Required action:
Whatever appears in the records apart from pictures must be reproduced exactly.

Data excerpts:
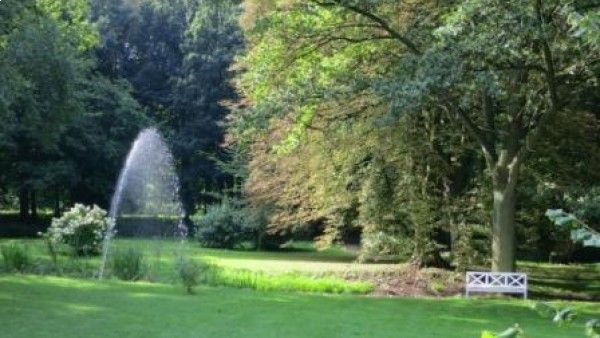 Schlosshotel Ziethen Bild 15
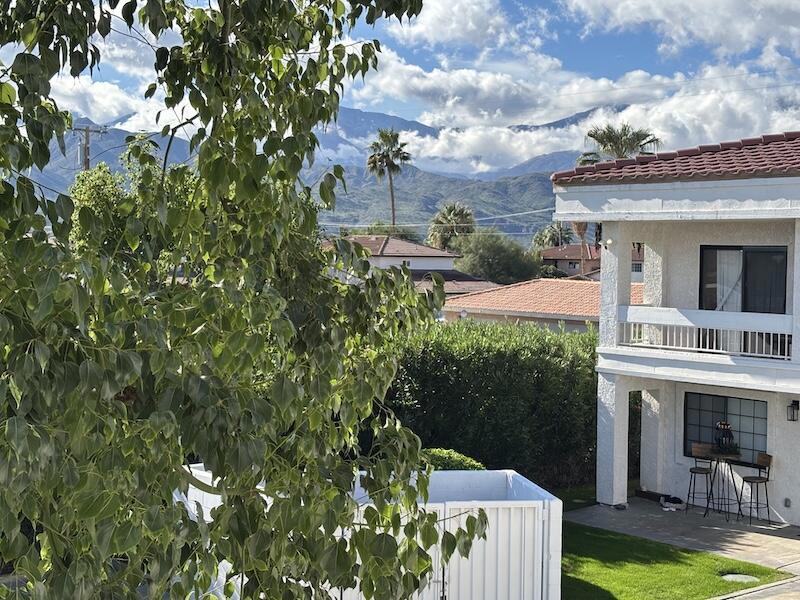 32389 Whispering Palms Trail 4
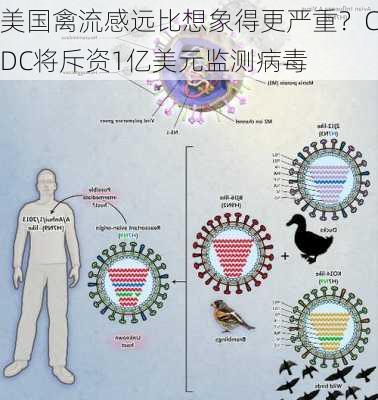 美国禽流感远比想象得更严重？CDC将斥资1亿美元监测病毒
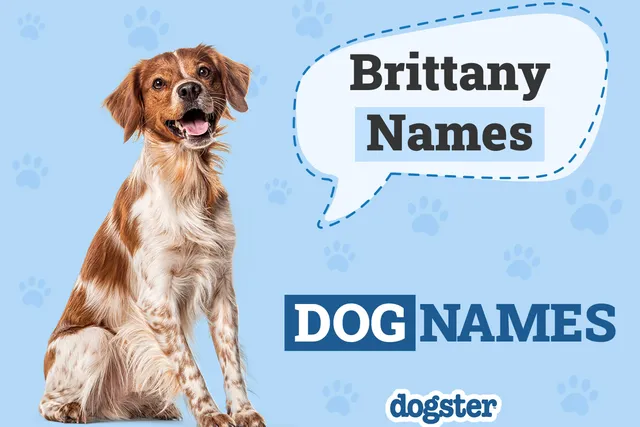 130+ Brittany Dog Names: Popular & Unique Ideas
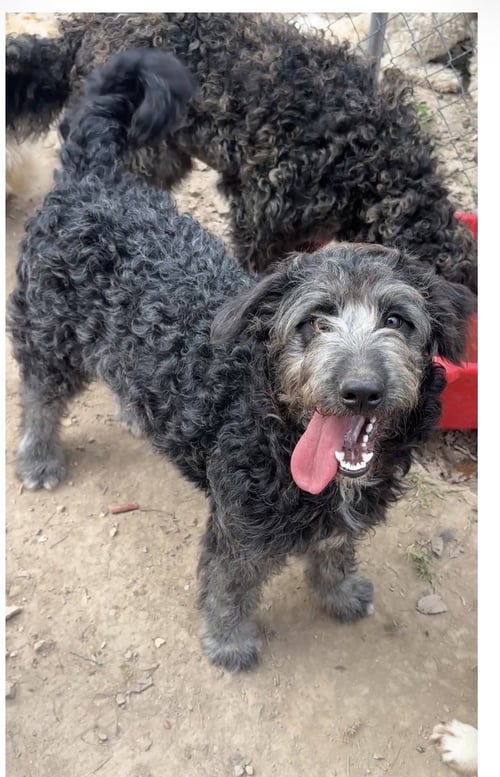 ECHO E - Labrador Retriever / Poodle (Standard) available for adoption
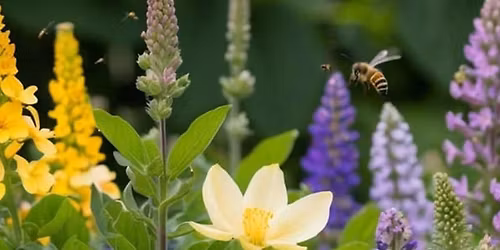 Native Plant Sale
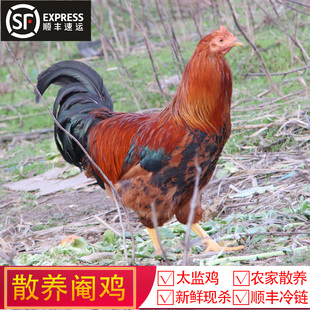 正宗兰溪农家散养4-5斤土阉鸡太监鸡扇鸡白切鸡 活鸡现杀整鸡生鲜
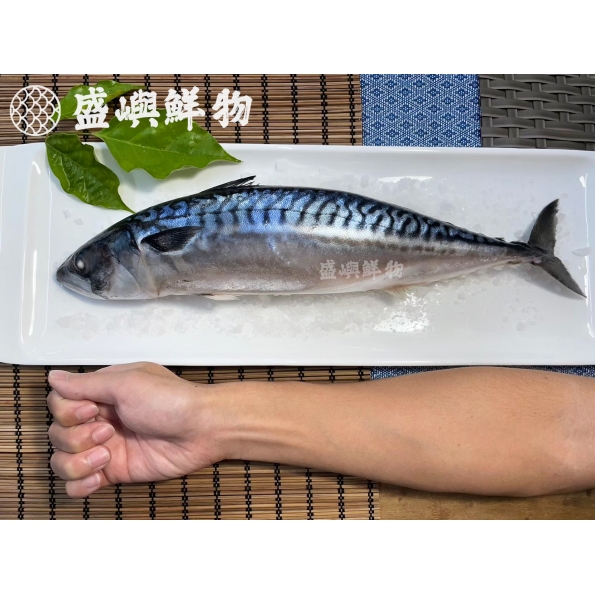 整尾挪威鯖魚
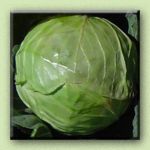 Cabbage and Savoy Cabbage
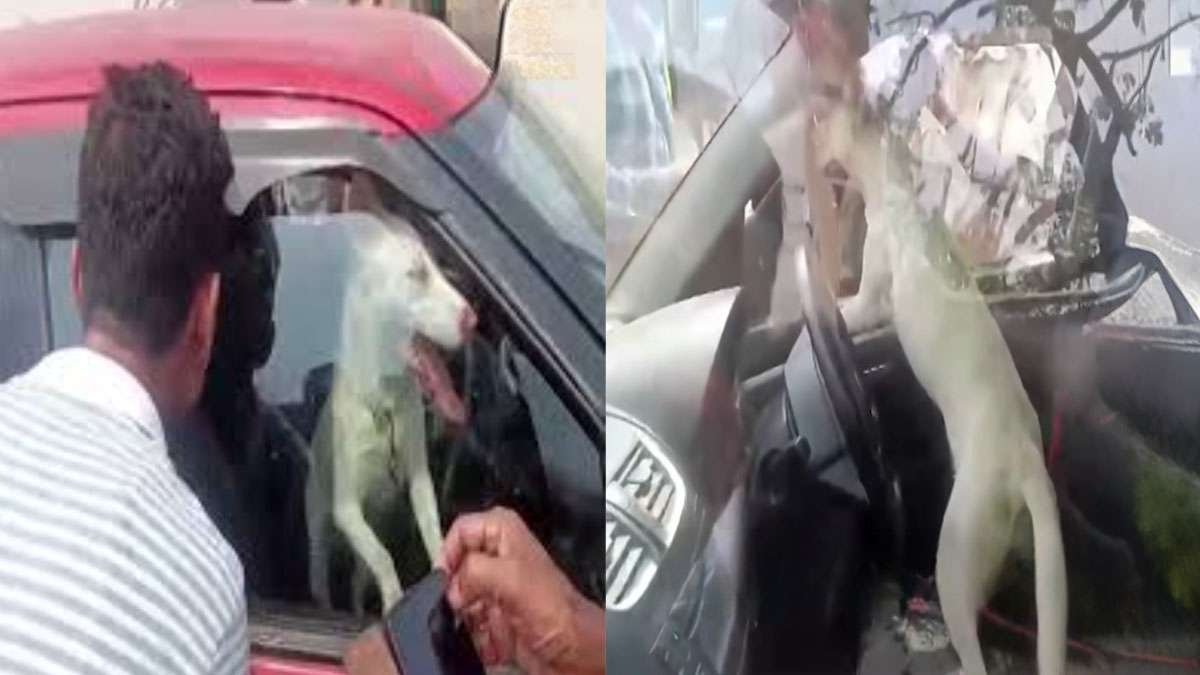 ಬಿರು ಬಿಸಿಲಲ್ಲಿ ಕಾರಿನೊಳಗೆ ಸಿಲುಕಿ ನರಳುತ್ತಿದ್ದ ನಾಯಿ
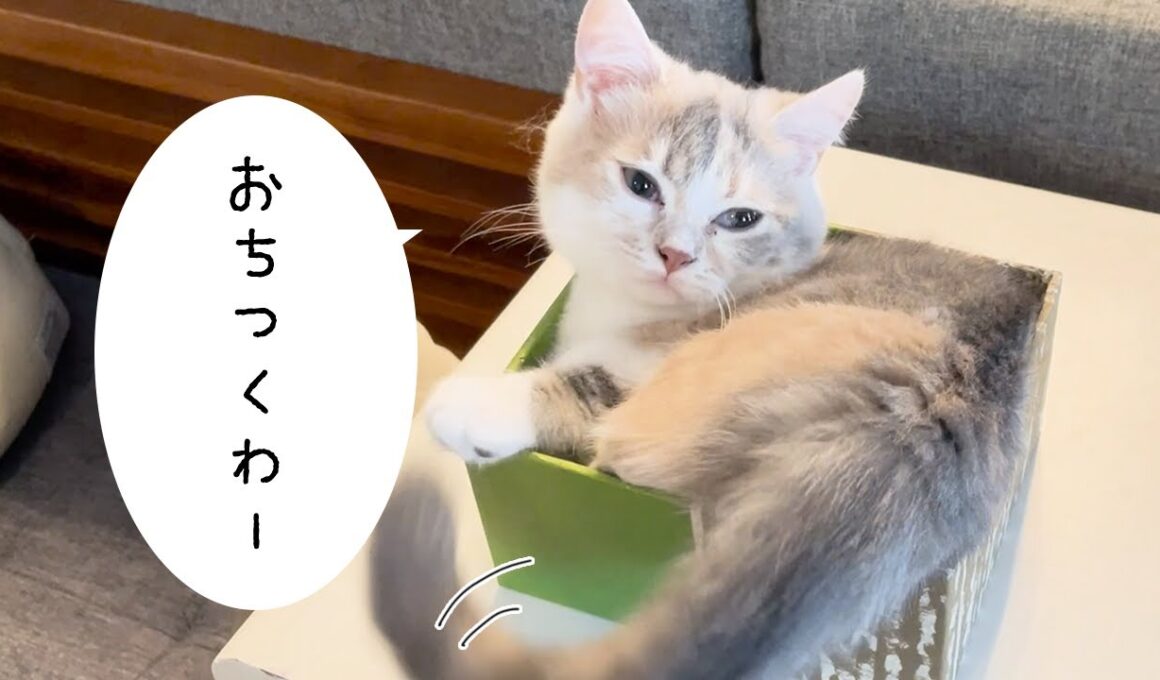 【三毛猫マンチカンのチー】箱が大好きでとにかく入りたい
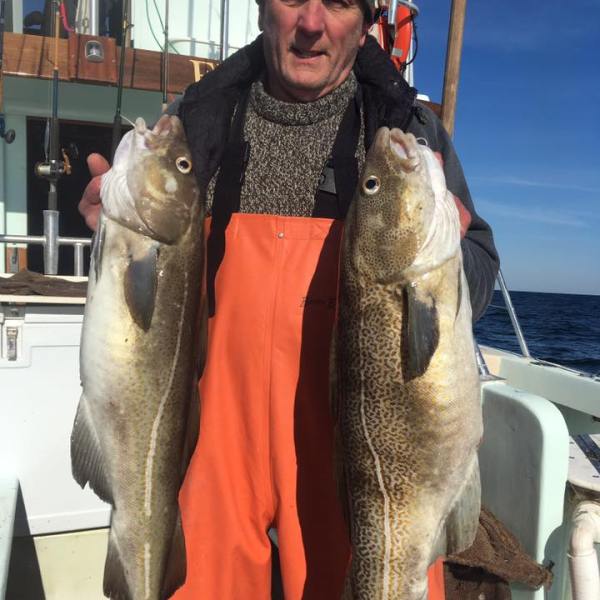 2017-1-16 Fivestar 7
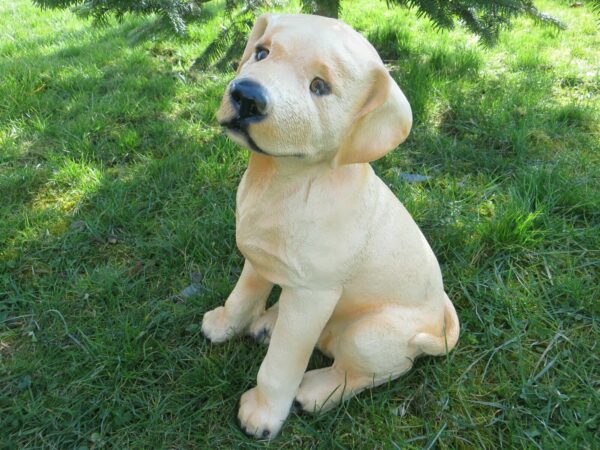 Sitzender Labrador-Welpe als Deko im Garten, 35 cm hoch 3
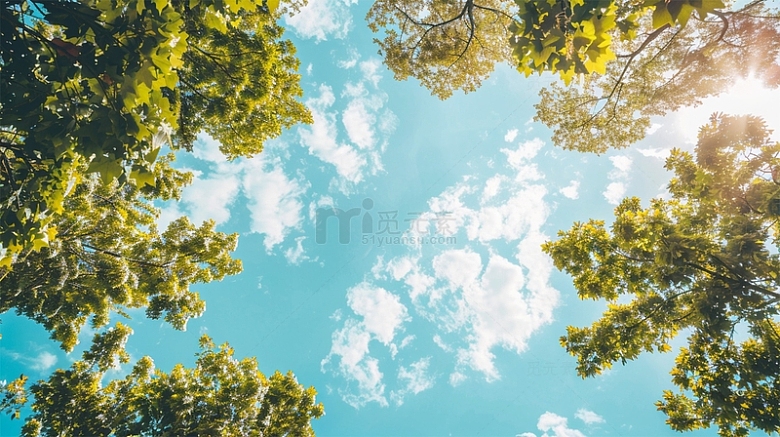天空蓝天白云阳光绿色植物大树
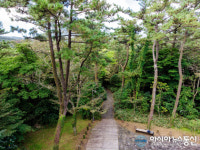 한라산 둘레길 동백길 걸어볼까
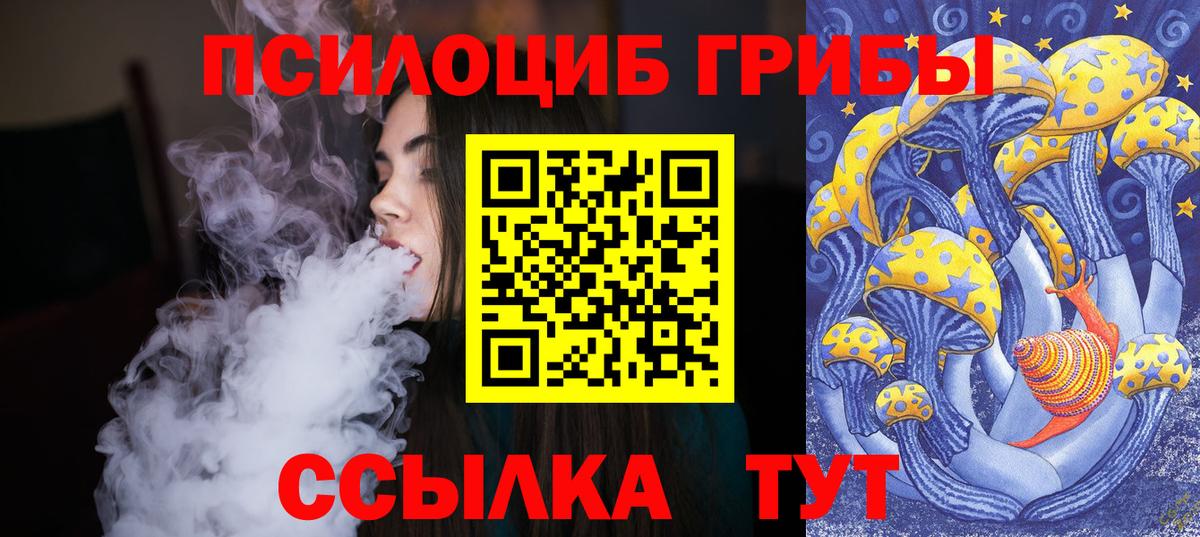 Псилоцибиновые грибы Cubensis  Галлюциногенные грибы MAGIC MUSHROOMS  Скопин  где продают   Вход с VPN 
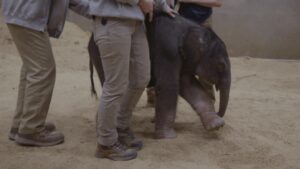 Voi con voi mẹ chào đời tại Sở thú Quốc gia Smithsonian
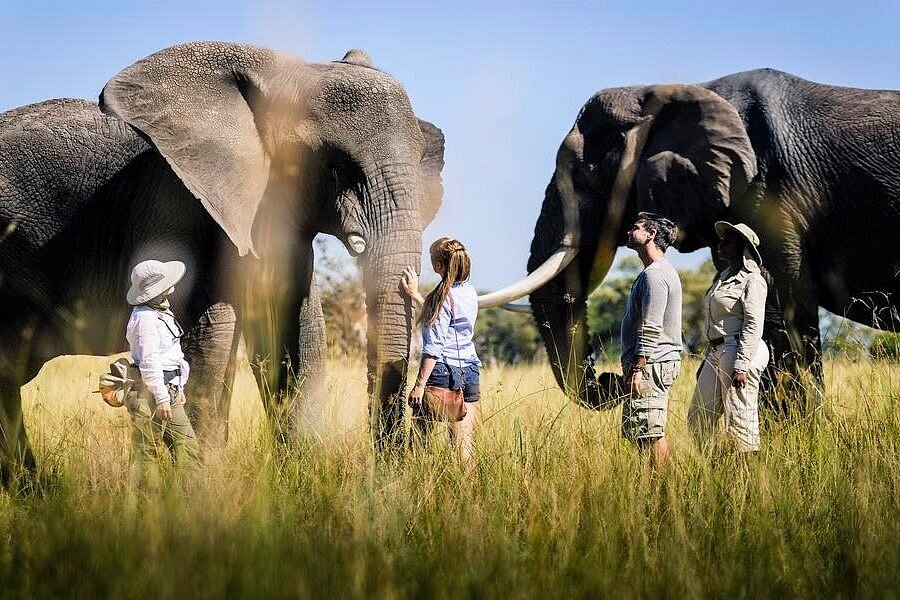 Tranquil Africa Safaris image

Written response:
 Schlosshotel Ziethen Bild 15
 32389 Whispering Palms Trail 4
 美国禽流感远比想象得更严重？CDC将斥资1亿美元监测病毒
 130+ Brittany Dog Names: Popular & Unique Ideas
 ECHO E - Labrador Retriever / Poodle (Standard) available for adoption
 Native Plant Sale
 正宗兰溪农家散养4-5斤土阉鸡太监鸡扇鸡白切鸡 活鸡现杀整鸡生鲜
 整尾挪威鯖魚
 Cabbage and Savoy Cabbage
 ಬಿರು ಬಿಸಿಲಲ್ಲಿ ಕಾರಿನೊಳಗೆ ಸಿಲುಕಿ ನರಳುತ್ತಿದ್ದ ನಾಯಿ
 【三毛猫マンチカンのチー】箱が大好きでとにかく入りたい
 2017-1-16 Fivestar 7
 Sitzender Labrador-Welpe als Deko im Garten, 35 cm hoch 3
天空蓝天白云阳光绿色植物大树
 한라산 둘레길 동백길 걸어볼까
 Псилоцибиновые грибы Cubensis  Галлюциногенные грибы MAGIC MUSHROOMS  Скопин  где продают   Вход с VPN 
 Voi con voi mẹ chào đời tại Sở thú Quốc gia Smithsonian
 Tranquil Africa Safaris image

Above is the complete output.